(Short descriptive text snippets)
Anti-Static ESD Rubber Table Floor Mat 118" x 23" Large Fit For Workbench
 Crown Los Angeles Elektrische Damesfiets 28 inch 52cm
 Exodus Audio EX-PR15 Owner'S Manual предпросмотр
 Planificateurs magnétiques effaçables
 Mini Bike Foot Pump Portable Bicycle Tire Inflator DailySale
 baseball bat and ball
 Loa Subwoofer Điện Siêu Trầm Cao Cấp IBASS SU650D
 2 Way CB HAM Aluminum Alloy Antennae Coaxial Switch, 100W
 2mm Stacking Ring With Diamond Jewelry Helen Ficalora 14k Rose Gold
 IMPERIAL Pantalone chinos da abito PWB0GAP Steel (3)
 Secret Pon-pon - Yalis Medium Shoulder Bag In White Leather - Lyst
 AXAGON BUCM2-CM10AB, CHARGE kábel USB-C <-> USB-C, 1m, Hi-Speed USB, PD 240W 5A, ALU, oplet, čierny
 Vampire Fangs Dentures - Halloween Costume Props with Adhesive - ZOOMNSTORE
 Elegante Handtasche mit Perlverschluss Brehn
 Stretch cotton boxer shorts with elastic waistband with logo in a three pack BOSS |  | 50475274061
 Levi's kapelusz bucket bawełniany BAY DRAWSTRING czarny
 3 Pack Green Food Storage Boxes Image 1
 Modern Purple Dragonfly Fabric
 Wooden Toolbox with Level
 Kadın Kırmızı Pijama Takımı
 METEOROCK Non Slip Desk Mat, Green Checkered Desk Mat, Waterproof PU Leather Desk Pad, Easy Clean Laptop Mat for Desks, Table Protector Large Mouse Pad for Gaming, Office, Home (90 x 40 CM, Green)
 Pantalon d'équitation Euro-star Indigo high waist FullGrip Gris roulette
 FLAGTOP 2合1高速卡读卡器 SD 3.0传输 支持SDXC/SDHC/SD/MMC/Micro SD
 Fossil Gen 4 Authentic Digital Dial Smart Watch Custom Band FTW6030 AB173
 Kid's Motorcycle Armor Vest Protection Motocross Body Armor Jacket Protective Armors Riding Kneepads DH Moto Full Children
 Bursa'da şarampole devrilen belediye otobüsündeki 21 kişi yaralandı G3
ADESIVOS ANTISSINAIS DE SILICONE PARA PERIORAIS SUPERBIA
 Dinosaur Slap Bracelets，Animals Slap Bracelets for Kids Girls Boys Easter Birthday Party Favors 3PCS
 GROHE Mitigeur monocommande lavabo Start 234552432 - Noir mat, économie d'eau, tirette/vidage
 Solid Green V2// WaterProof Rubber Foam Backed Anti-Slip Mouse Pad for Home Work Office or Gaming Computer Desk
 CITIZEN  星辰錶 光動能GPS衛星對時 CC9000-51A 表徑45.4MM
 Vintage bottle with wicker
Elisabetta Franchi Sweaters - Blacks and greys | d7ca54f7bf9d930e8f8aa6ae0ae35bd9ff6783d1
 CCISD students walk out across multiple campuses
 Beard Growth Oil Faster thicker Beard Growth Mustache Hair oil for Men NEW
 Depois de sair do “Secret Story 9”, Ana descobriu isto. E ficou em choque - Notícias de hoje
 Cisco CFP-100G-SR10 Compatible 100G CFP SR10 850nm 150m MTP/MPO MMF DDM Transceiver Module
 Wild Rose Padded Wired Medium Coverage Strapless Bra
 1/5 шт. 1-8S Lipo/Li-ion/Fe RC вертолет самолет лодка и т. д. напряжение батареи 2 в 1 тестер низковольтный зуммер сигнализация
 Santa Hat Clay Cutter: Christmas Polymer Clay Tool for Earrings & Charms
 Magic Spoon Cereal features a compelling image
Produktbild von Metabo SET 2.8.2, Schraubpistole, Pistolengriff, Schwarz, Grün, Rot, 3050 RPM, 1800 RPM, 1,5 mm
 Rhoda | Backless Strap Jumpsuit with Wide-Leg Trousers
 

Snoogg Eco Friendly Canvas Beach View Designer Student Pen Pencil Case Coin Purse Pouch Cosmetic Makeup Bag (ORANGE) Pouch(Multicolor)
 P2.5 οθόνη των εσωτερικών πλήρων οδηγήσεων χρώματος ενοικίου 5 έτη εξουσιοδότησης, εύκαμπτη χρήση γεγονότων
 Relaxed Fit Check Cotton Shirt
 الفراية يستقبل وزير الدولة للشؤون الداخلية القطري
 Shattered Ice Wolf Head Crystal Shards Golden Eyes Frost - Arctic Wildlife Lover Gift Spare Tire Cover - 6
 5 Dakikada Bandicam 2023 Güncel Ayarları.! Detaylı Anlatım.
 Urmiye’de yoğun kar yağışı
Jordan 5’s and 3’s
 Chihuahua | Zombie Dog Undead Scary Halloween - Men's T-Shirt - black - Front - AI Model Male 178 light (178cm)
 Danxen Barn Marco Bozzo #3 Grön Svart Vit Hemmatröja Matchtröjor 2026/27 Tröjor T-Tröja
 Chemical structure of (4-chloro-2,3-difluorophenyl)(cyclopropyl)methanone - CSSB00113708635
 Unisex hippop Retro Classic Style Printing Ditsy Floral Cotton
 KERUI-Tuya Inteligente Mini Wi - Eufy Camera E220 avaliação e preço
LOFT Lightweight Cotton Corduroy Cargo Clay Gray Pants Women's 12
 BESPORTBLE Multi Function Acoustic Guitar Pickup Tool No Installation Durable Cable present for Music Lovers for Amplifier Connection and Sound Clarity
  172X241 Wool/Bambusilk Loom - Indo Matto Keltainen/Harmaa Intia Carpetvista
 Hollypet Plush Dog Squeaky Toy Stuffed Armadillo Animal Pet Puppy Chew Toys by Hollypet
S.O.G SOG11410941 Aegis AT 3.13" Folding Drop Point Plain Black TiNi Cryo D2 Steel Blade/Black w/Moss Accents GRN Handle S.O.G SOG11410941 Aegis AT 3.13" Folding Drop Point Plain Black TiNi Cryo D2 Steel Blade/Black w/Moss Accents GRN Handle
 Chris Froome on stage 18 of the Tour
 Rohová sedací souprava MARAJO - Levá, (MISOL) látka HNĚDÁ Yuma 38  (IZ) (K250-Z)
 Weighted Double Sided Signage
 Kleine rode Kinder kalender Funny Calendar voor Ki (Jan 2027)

[GOAL OF THE EXERCISE]:
Repeat exactly the lines above, starting with the line that contains "BESPORTBLE Multi Function" and ending with the last line, both included, and nothing else.

[ANSWER TO THIS TASK]:
 BESPORTBLE Multi Function Acoustic Guitar Pickup Tool No Installation Durable Cable present for Music Lovers for Amplifier Connection and Sound Clarity
  172X241 Wool/Bambusilk Loom - Indo Matto Keltainen/Harmaa Intia Carpetvista
 Hollypet Plush Dog Squeaky Toy Stuffed Armadillo Animal Pet Puppy Chew Toys by Hollypet
S.O.G SOG11410941 Aegis AT 3.13" Folding Drop Point Plain Black TiNi Cryo D2 Steel Blade/Black w/Moss Accents GRN Handle S.O.G SOG11410941 Aegis AT 3.13" Folding Drop Point Plain Black TiNi Cryo D2 Steel Blade/Black w/Moss Accents GRN Handle
 Chris Froome on stage 18 of the Tour
 Rohová sedací souprava MARAJO - Levá, (MISOL) látka HNĚDÁ Yuma 38  (IZ) (K250-Z)
 Weighted Double Sided Signage
 Kleine rode Kinder kalender Funny Calendar voor Ki (Jan 2027)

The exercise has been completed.